Geneticist Richard Lewontin (As quoted by Philip Johnson, "Defeating Darwinism by Opening Minds", InterVarsity Press, Downers Grove, Illinois, 1997, p. 81):

"It is not that methods and institutions of science somehow compel us to accept a material explanation of the phenomenal world, but, on the contrary, that we are forced by our a priori adherence to material causes to create an apparatus of investigation and a set of concepts that produce material explanations, no matter how counter-intuitive, no matter how mystifying to the uninitiated. Moreover, that materialism is absolute, for we cannot allow a divine foot in the door. The eminent Kant scholar Lewis Beck used to say that anyone who could believe in God could believe in anything.
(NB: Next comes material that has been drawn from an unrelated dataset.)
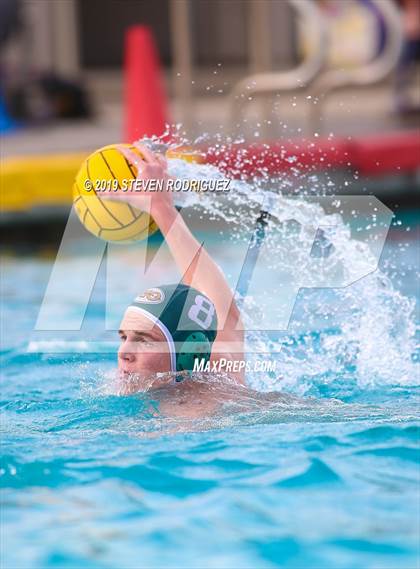 Thumbnail 3 in Jesuit vs. Rio Americano (CIF SJS D1 Semifinal) photogallery.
To appeal to an omnipotent deity is to allow that at any moment the regularities of nature may be ruptured, that miracles may happen."

British Biologist L. Harrison Matthews (Introduction to "The Origin of Species", C. Darwin, reprinted by J.M. Dent and Sons Ltd., 1971, p. XI):

"The fact that evolution is the backbone of biology, and biology is thus in the peculiar position of being a science founded on an unproved theory - is it then a science or a faith? Belief in the theory of evolution is thus exactly parallel to belief in special creation - both are concepts which believers know to be true but neither, up to the present, has been capable of proof."